Many thanks to Heiko Carstens for allowing this.

Signed-off-by: Alexey Dobriyan <adobriyan@gmail.com>
2009-10-11 11:20:58 -07:00
David J. Wilder
85f20b39fd RDMA/addr: Fix resolution of local IPv6 addresses
This patch allows a local IPv6 address to be resolved by rdma_cm.

To reproduce the problem:

 $ rping -s -v -a ::0  &
 $ rping -c -v -a <IPv6 address local to this system>
 rdma_resolve_addr error -1

Local IPv6 address was obtained with "ip addr show ib0"

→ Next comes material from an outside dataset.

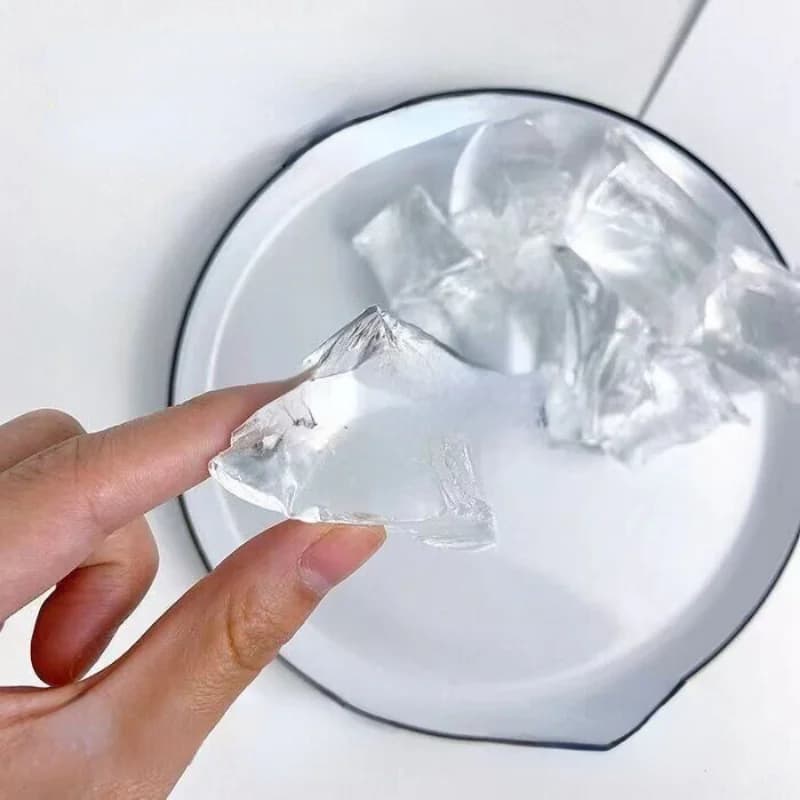 50g Super Hard Block Shape Jelly Wax Crystal Wax creativo fai da te candela profumata tazza di cera modellazione decorativa materie prime manuali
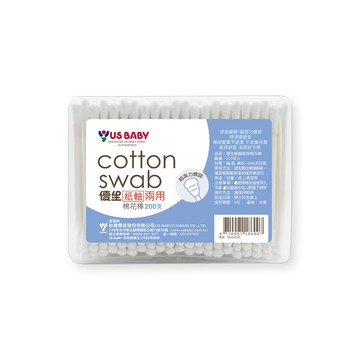 優生紙軸兩用棉花棒方盒200支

Addresses: https://bugs.openfabrics.org/show_bug.cgi?id=1759
Signed-off-by: David Wilder <dwilder@us.ibm.com>
Acked-by: Sean Hefty <sean.hefty@intel.com>
Signed-off-by: Roland Dreier <rolandd@cisco.com>
2009-10-07 16:03:18 -07:00
Steve Wise
54e05f15cc RDMA/iwcm: Don't call provider reject func with irqs disabled
In commit cb58160e ("RDMA/iwcm: Reject the connection when the cm_id
is destroyed") a call to the provider's reject handler was added to
destroy_cm_id() to fix a provider endpoint leak.  This call needs to
be done with interrupts enabled.  So unlock and relock around this
call.  This is safe because:

1) the provider will do nothing with this endpoint until the iwcm either
   accepts or rejects.
2) the lock is only released after the iwcm state is changed, so an
   errant iwcm app that is destroying -and- rejecting the connection
   concurrently will get a failure on one of the calls.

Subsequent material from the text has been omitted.